Driver Grab Palu Keluhkan Turunnya Insentif

37
WhatsApp Image 2019-07-08 at 21.58.57
KERICUHAN antara pihak manajemen Grab Palu dengan beberapa driver Grab sebelum dilerai antarsesama driver, Senin (8/7/2019). FOTO: MOHAMMAD

SultengTerkini.Com, PALU- Puluhan driver Grab Palu mengeluhkan kebijakan manajemen Grab yang menurunkan dana insentif para driver.

Keluhan itu pun tersampaikan saat mendatangi kantor Grab Palu di Jalan Sam Ratulangi, Kota Palu, Senin (8/7/2019).

Pembina Komunitas Patriot Mitra Grab Palu, Rudy mengatakan, kebijakan pihak manajemen Grab Palu sudah diluar batas kewajaran.

Pasalnya, tingginya beban pengantaran tidak sesuai dengan insentif yang didapatkan para driver.

“Bayangkan, sudah tinggi beban kerja, insentif makin menurun. Tidak pikirkah bagaimana kami berjuang mengantar penumpang,” katanya saat berdialog dengan Penanggung Jawab Grab Palu.

Dampak dari kebijakan itu, 750 anggota Grab di Palu mengalami penurunan pendapatan hingga 60 persen setiap harinya.
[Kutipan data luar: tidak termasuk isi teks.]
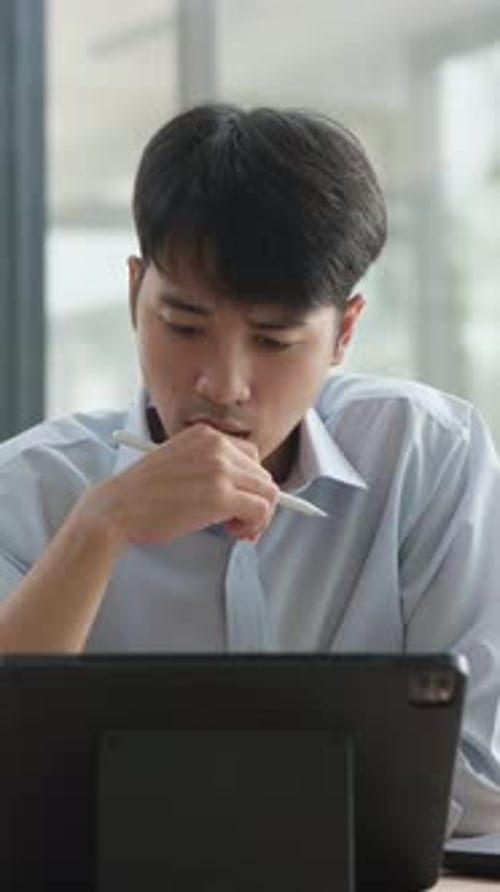 Young Adult Using Tablet With Stylus in Office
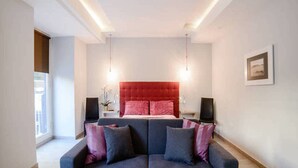 A modern bedroom with a large bed, a blue sofa, and two speakers. - Riviera Luxury Suites B&B (Naples)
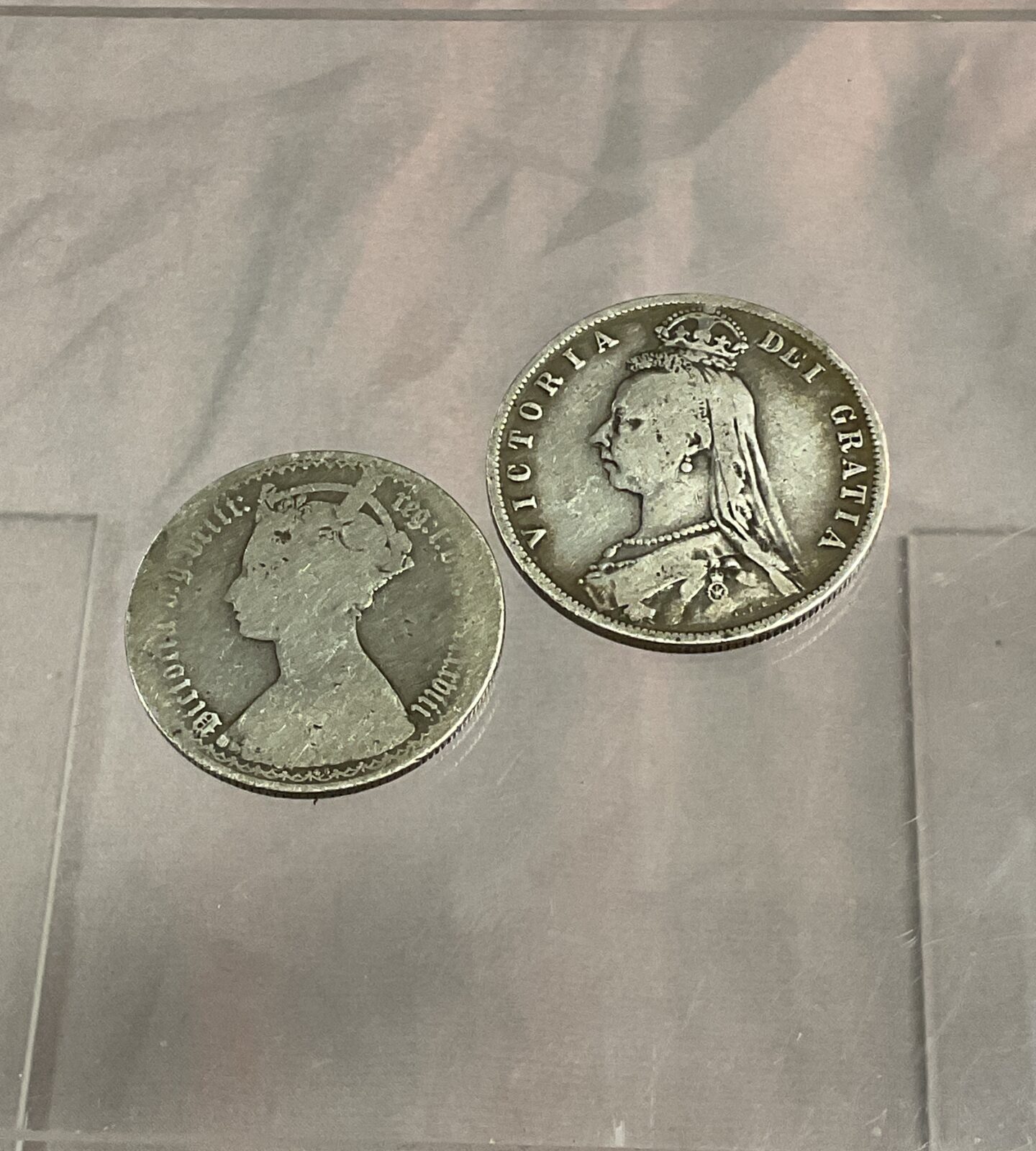 Two Victorian silver coins early florin and 1888 half crown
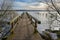 Wooden footbridge jetty on the frozen lake of Ratzeburg, last winter days in early spring, landscape in north Germany, copy space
Bahkan pendapatan per bulan juga ikut turun drastis.

Menurut Rudy, kebijakan sebelumnya setiap driver dapat menerima pemasukan dari insentif Rp 3.000 sampai Rp 4.000 setiap harinya untuk sekali pengantaran.

Sedangkan dalam aturan baru, insentif per orang hanya mencapai Rp 1.250 setiap satu kali pengantaran.
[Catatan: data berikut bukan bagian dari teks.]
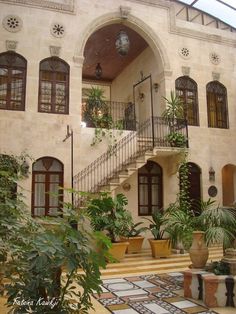 the entrance to a large house with potted plants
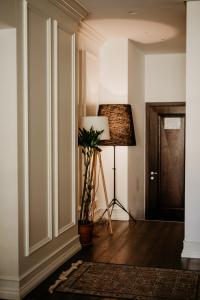 a hallway with a floor lamp and a lampost at Hotel Majestic in Budva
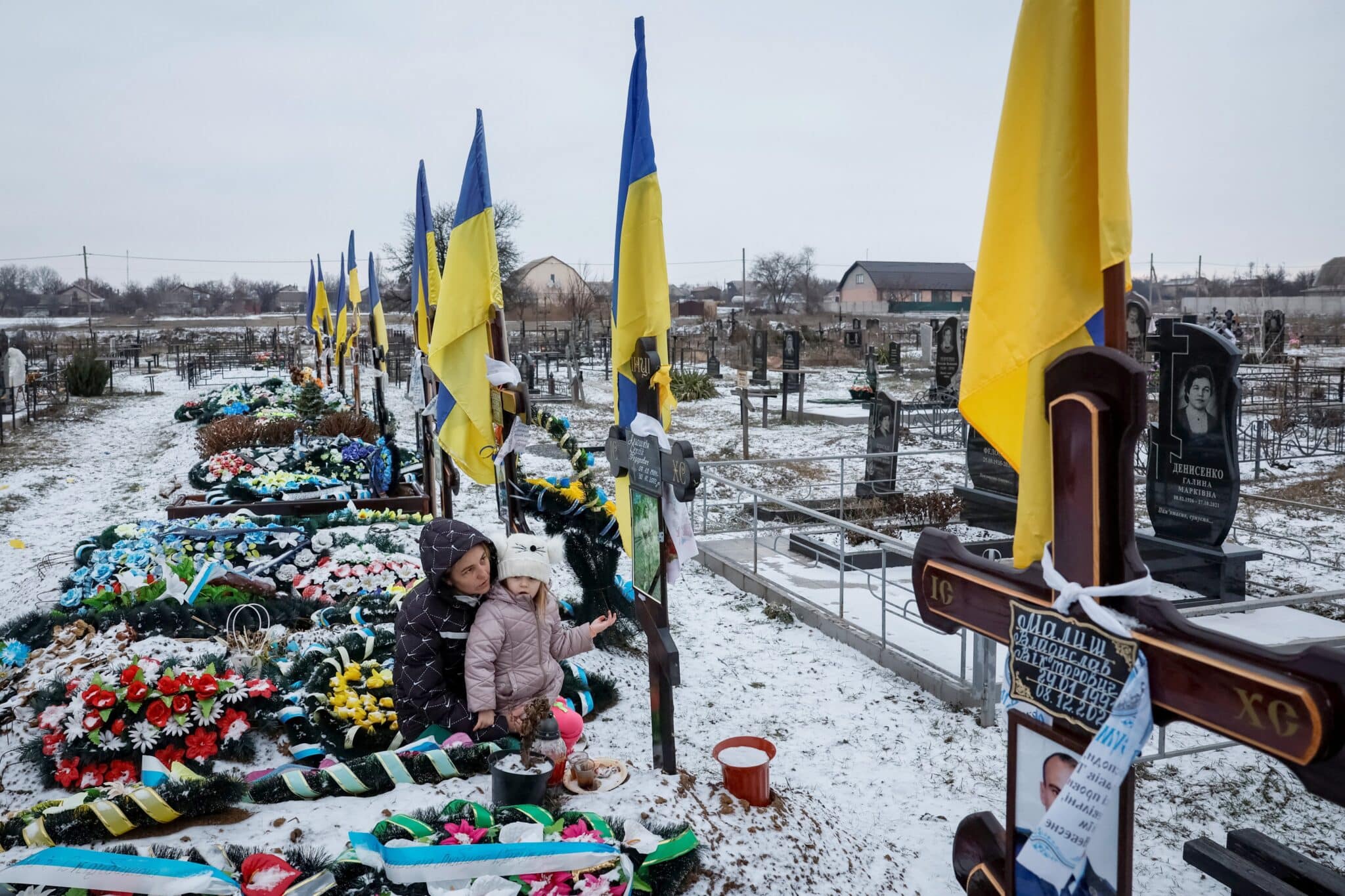 Alona Onyshchuk, 39, visits her husband's grave with her daughter, Anhelina, 5, at the Alley of Heroes at a local cemetery in the village of Lozuvatka, Dnipropetrovsk region, Ukraine, Jan. 22, 2024, amid Russia's attack on Ukraine. (OSV News photo/Alina Smutko, Reuters)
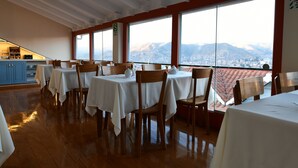 A restaurant with tables set for dining, large windows with a mountain view, and a kitchen area in the background. - Tandapata Boutique Hotel (Cusco)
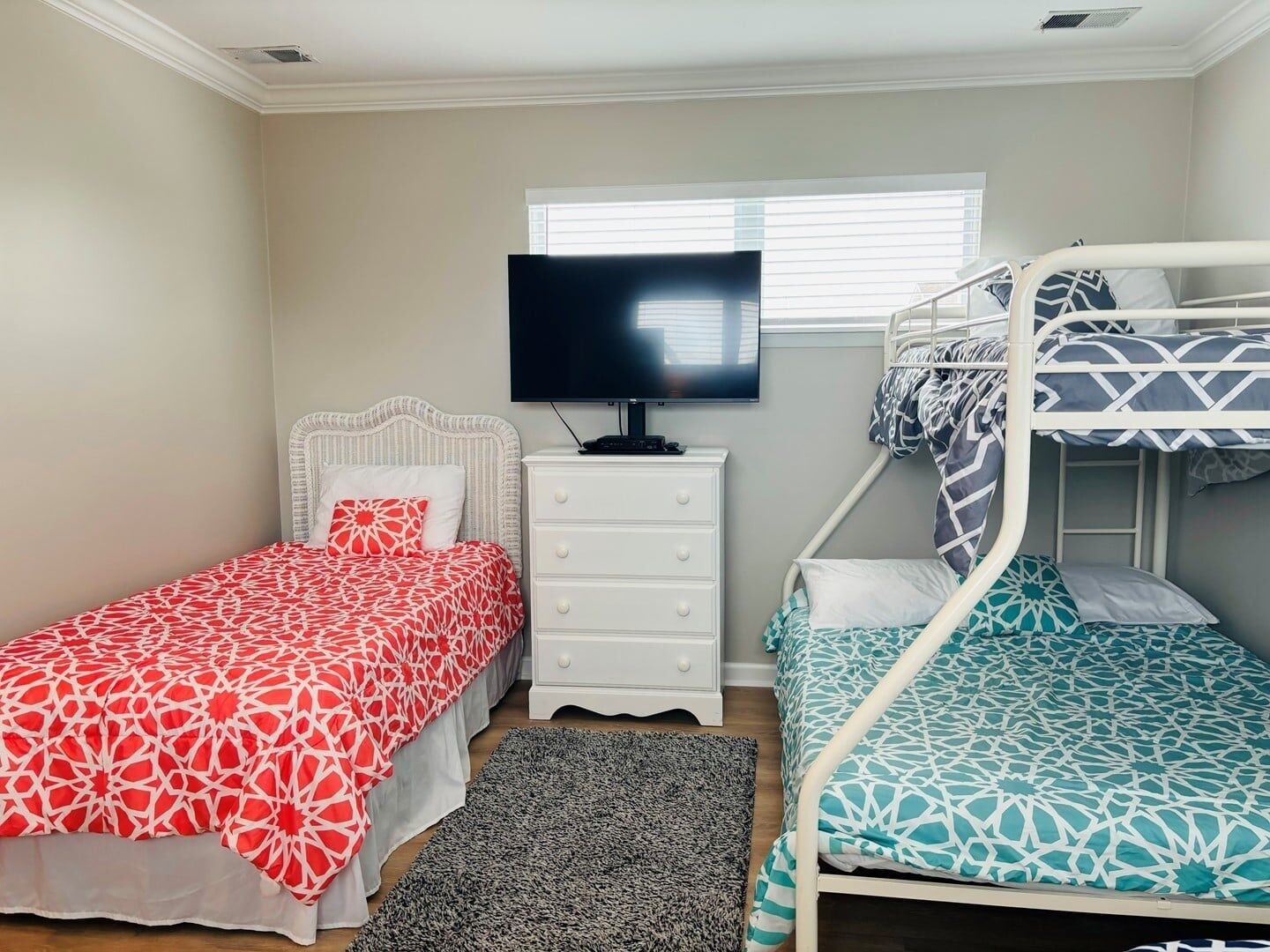Quarto com uma cama de solteiro, uma cama beliche, uma televisão e um armário.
“Pengaturan seperti ini, kami tidak pernah dilibatkan. Seakan-akan dipasang sebagai tameng untuk setiap masalah dilapangan,” jelasnya.

Penurunan pendapatan dari insentif per hari berdampak pada pendapatan per bulannya. Menurut Rudi, pendapatan sebulan khusus insentif sendiri sebelumnya mencapai Rp 2.550.000.
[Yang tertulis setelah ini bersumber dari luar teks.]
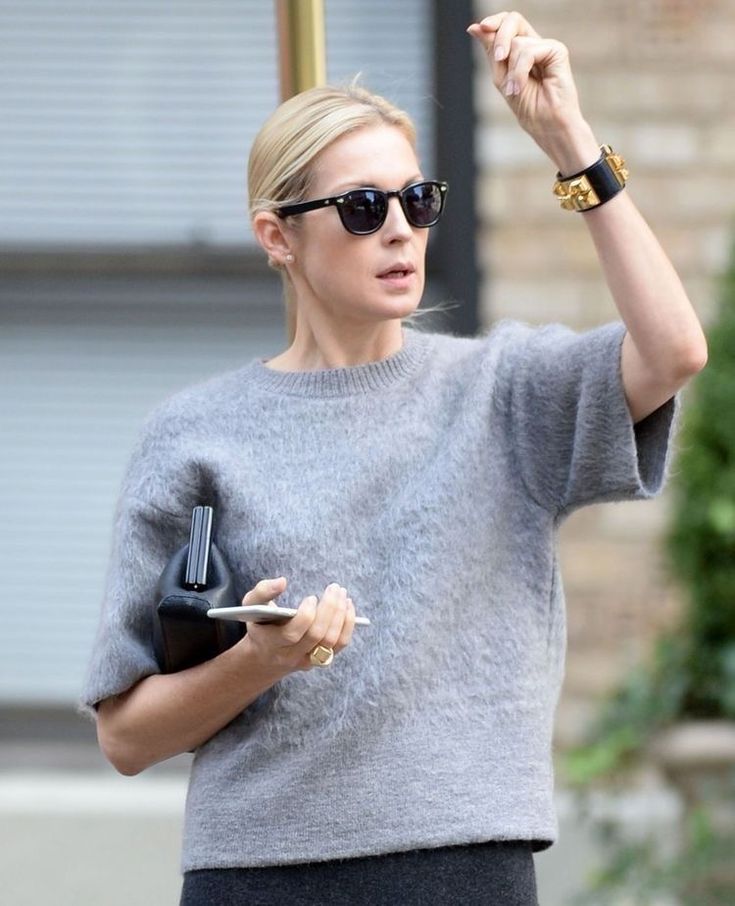 a woman in grey sweater and black skirt pointing at something on her hand while holding a cell phone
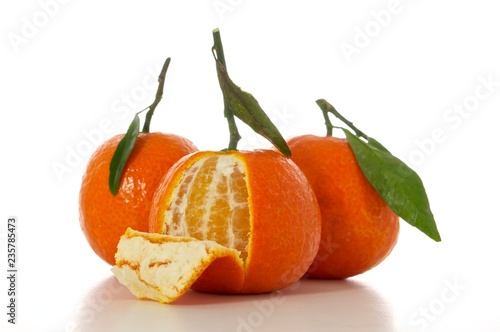 tangerines with leaves isolated on white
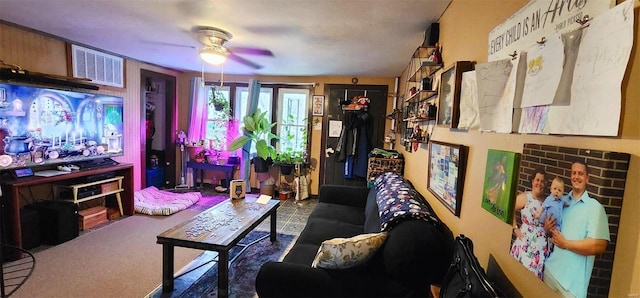 carpeted living room featuring ceiling fan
Namun sekarang menurun hanya Rp 600 ribu sampai Rp 800 ribu.

Bahkan, beban pengantaran dari 22 menjadi 27 dinilai tidak sesuai dengan insentif yang diberikan. Mestinya semakin tinggi beban pengantaran menyesuaikan dengan insentif yang didapatkan.

“Setiap kami menanyakan kenapa, selalu alasannya kebijakan Grab Pusat. Kami tidak pernah dikonsultasikan soal ini,” katanya.

Sementara itu, Penanggung Jawab Grab Palu, Ismail C Hakim meluruskan kebijakan penurunan insentif tersebut merupakan kebijakan Grab Pusat di Jakarta.

Sementara Grab Palu tak mampu berbuat banyak.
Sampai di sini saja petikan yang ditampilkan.